ASSIGNMENT —
What is needed is a faithful transcription of all the data below, pictures excluded.

DATASET SECTION —
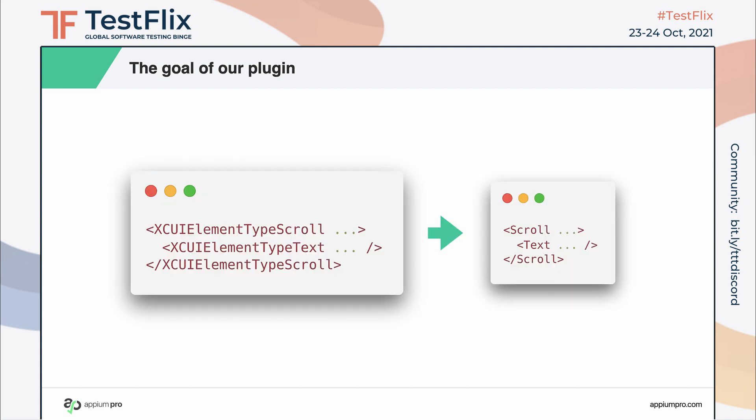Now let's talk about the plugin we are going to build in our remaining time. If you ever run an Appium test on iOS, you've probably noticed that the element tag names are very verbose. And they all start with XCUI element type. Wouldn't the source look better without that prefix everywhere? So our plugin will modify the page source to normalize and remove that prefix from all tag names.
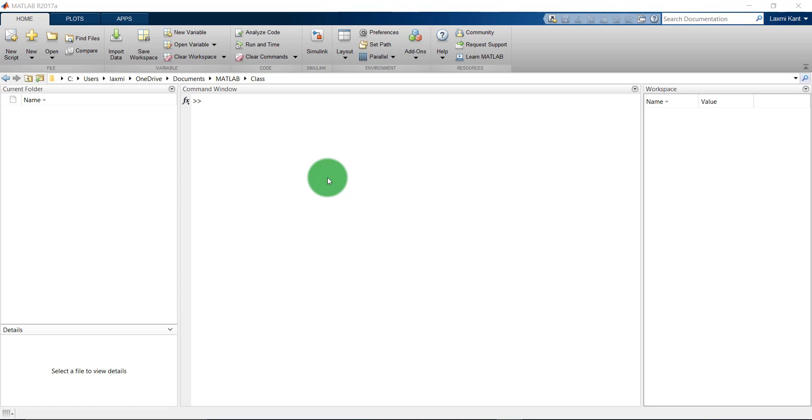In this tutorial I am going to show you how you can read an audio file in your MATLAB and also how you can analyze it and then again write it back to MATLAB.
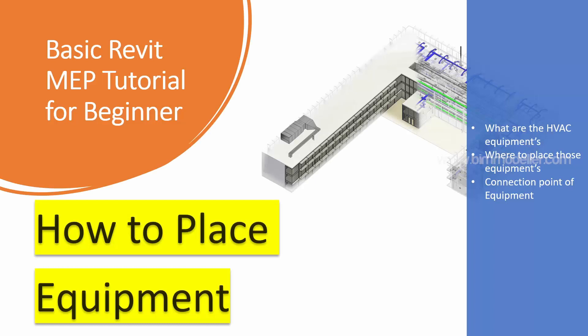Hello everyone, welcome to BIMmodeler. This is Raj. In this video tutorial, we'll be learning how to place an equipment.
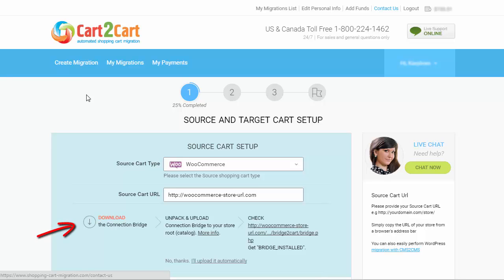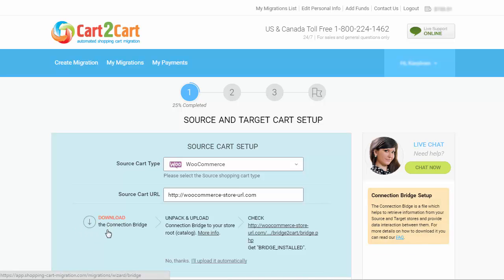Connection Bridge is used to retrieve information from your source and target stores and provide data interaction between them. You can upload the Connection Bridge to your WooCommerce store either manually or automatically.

WRITTEN RESPONSE —
Now let's talk about the plugin we are going to build in our remaining time. If you ever run an Appium test on iOS, you've probably noticed that the element tag names are very verbose. And they all start with XCUI element type. Wouldn't the source look better without that prefix everywhere? So our plugin will modify the page source to normalize and remove that prefix from all tag names.
In this tutorial I am going to show you how you can read an audio file in your MATLAB and also how you can analyze it and then again write it back to MATLAB.
Hello everyone, welcome to BIMmodeler. This is Raj. In this video tutorial, we'll be learning how to place an equipment.
Connection Bridge is used to retrieve information from your source and target stores and provide data interaction between them. You can upload the Connection Bridge to your WooCommerce store either manually or automatically.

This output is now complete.